ハイキュー‼︎第264話「失恋」

 表紙は別だと思っていたら、レジェンドと一緒に日向も表紙に登場ということで、なんだか胸が熱くなった。そして巻頭カラーではついに稲荷崎のカラー。少し前に宮兄弟はキツネとしてカラーが出てたんだけど、ほかのメンバーはこれが初。このカラーめちゃくちゃ良い。緑の色とか稲荷崎っぽさ、両チームの黒いユニホームと、その両方に映える朱い鳥居。すごくいい。狐の石像?というのかな、それがバレーボールを持っているというのがまた細かくていい。あと構図がすごい好き。稲荷崎のテリトリーに入ってきた烏野っていう、稲荷崎の視点から見た時の絵だもんね。烏野の強さとか脅威であるということを、敵の視点から描くっていう。待ち受けるのが稲荷崎で、侵入者が烏野。

 

 

 

本編は「恋バナ」から。これめちゃくちゃ意外だった。思いの外田中が、そりゃもう真剣なんですよね。「まっすぐ」と作中でも言われてるけど。まっすぐで片付けていいのか?長所みたいに扱っていいのか?みたいなところはないでもないんだけど……田中が潔子さんに一目惚れした瞬間の説得力が凄まじかった。羽海野チカ先生だったら「人が恋に落ちる瞬間を初めて見てしまった」とモノローグが入ってそうな感じ。ここ潔子さんは普段より更に気合い入れて描かれてるよね。

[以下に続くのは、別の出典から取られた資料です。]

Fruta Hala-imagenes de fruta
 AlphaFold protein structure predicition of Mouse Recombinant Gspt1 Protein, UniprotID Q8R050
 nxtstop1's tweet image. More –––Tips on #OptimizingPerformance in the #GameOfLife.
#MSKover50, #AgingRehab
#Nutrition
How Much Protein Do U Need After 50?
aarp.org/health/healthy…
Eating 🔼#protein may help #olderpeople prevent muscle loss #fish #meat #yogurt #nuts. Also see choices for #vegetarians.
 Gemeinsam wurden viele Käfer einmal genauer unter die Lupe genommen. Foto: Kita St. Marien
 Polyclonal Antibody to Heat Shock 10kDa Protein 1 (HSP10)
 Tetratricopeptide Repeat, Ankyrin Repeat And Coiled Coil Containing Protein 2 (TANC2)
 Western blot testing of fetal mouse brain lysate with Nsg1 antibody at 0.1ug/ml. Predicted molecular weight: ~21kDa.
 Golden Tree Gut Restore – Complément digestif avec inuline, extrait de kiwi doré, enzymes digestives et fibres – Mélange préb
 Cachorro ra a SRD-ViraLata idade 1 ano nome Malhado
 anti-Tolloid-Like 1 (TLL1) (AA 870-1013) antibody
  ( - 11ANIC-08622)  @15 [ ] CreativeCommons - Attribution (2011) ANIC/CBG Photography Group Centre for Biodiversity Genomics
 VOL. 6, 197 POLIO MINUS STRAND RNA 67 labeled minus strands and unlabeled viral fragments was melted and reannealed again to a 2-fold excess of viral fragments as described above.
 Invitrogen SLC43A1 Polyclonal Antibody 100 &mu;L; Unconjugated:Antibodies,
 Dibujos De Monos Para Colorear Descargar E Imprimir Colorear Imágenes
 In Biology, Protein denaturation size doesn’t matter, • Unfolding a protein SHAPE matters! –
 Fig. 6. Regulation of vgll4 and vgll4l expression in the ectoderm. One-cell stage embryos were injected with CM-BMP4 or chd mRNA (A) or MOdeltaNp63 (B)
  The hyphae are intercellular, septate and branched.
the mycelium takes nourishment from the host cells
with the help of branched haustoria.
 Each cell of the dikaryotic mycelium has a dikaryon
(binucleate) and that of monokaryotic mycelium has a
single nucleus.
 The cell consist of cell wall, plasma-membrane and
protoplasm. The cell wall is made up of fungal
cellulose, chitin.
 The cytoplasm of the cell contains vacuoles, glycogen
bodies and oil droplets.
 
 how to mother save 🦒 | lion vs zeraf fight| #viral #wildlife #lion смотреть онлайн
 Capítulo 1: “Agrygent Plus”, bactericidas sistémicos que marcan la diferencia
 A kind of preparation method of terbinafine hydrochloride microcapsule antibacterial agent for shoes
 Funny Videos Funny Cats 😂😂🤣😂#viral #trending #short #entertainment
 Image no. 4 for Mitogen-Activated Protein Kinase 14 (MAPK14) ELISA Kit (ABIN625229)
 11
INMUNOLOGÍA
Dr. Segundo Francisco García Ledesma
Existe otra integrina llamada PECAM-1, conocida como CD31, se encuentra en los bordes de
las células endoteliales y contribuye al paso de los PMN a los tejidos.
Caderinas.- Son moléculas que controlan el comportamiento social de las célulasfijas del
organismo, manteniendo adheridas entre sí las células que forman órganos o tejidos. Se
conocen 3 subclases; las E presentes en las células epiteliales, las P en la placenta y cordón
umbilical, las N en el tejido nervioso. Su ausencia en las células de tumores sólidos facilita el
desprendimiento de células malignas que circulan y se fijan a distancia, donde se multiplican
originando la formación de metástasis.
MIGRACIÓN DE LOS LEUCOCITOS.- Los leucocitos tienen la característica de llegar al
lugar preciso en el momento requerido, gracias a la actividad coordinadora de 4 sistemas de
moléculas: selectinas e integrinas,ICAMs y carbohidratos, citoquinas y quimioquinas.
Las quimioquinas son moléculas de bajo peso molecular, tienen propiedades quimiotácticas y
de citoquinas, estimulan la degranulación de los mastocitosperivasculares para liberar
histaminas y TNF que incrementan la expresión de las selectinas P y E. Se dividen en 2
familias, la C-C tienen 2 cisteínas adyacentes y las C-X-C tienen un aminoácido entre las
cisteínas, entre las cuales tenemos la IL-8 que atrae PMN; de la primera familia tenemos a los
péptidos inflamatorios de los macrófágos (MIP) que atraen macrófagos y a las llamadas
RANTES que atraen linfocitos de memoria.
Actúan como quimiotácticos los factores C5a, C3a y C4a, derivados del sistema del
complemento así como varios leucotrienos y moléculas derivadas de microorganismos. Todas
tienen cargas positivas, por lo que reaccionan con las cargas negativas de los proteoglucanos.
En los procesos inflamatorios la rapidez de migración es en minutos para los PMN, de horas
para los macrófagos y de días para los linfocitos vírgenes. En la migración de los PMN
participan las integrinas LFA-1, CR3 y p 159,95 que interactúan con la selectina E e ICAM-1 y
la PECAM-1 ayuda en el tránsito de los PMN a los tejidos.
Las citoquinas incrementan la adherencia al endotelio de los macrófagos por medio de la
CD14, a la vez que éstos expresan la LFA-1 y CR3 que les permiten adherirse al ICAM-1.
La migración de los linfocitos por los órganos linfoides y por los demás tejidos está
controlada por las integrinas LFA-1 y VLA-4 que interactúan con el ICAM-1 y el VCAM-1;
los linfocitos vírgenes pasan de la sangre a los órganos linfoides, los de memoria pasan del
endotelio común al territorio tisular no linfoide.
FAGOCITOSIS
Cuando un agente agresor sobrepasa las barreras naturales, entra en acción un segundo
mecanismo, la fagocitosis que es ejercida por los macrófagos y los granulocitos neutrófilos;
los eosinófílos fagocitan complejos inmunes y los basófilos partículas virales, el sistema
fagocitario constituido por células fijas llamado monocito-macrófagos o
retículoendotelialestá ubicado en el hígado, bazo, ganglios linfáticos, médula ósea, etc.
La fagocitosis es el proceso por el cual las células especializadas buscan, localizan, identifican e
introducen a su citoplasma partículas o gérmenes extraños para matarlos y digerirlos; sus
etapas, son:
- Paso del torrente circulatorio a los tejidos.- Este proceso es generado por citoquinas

こんなに目が書き込まれているのは初期以来じゃない?ただ主張したいのは、潔子さんの魅力って、この「1番乗りだと思ってるんるんで体育館に入ってくる」そして人がいて「(1番乗り)じゃなかった」と恥ずかしがる、そういうところ。年相応なかわいらしいお茶目なところがあって、田中にはそれを知ってほしい!けっこんしてください、に対して間を置いて「いいえ」と答える潔子さんはなんだか可愛いし、えらい。ごめんなさいじゃないのがいいかな。こんなに突然告白されて、潔子さんが謝る必要なんかないもんね。それにしてもこのあたりの描写を見て思ったのは、田中は好意を真っ直ぐ正面切って伝える以外の術を知らない故の、潔子さんへのあの態度になるのかなということ。わからなくもないけど、もう高2だしなぁ。いずれは一途で真っ直ぐじゃ済まされないようになるのだし、好意を真っ直ぐに伝えるために遠回りをする方法みたいなのを学んでほしいwというか田中の思いの伝え方がどうもおかしくなってしまうのは西谷とつるんで盛り上がっちゃうからじゃないかな~西谷どうこうじゃなくて。恐らく西谷は恋って感じじゃないんだと思うんだけどどうも2人の中で作り上げた「女神潔子様」の像が先行していってしまうためにおかしなことになっちゃうんじゃないのかな。

 

 

 

先週の引き、トスを呼んだ田中にニヤッと笑ってトスを上げる影山。ここいい。影山のコミュニケーションの問題なんかもあるけど、影山は影山で情とかではなくてちゃんと勝つために、あくまで理性的に、誰に上げるべきか、いつ上げるべきかってことはしっかり分かってる。この笑みには不屈の田中への誇らしさや敬いみたいなものが滲んでいるように感じる。そして超インナースパイクで得点、1セット先取!このページの熱さが半端無い。例の少年たちが声を上げてくれている様子とか例のカップル、そして木兎さん!木兎さんが自分のことのように興奮しているのがなんだか嬉しい。この子は実はすごく共感性の高い子なんじゃないかな。自分のことじゃなくても自分のことのように感じられてしまうっていうところもあって、でも同時に自分は自分他人は他人って線引きがシビアだったり干渉しすぎないってことができる、時に冷酷なところもあったりして面白い。月島と田中の会話もいい。月島は言い方はかわいくないけど、田中の強さをちゃんと認めているし、時に自分はそうじゃない故の敬いみたいなものも感じられていい。「それが簡単じゃないって言ってんですよ」はかわいいな。そしてここから叶歌の「失恋」につながるのもいい。田中はいつでもまっすぐで、そのまっすぐさに救われた自分だからこそ彼のその良さも、それが不変のものだということもよく分かってる。だからこそ田中の「心に決めた女性」への思いがまっすぐ真剣な、揺らがないものだということも分かってしまう。それでもそんな田中だからこそ好きで、誇らしいっていうのが最後のコマからは伝わってくる。

 

 

とにかく今週でセット取ったのでめちゃくちゃおめでたい。けど2セット目落とすこともまた確定みたいなものなので今後もしんどい。稲荷崎の方から焦りとかが全く見えないのがまたね、怖いよね。どうなるかなー。北主将もまだだしね。ここからが正念場という感じ。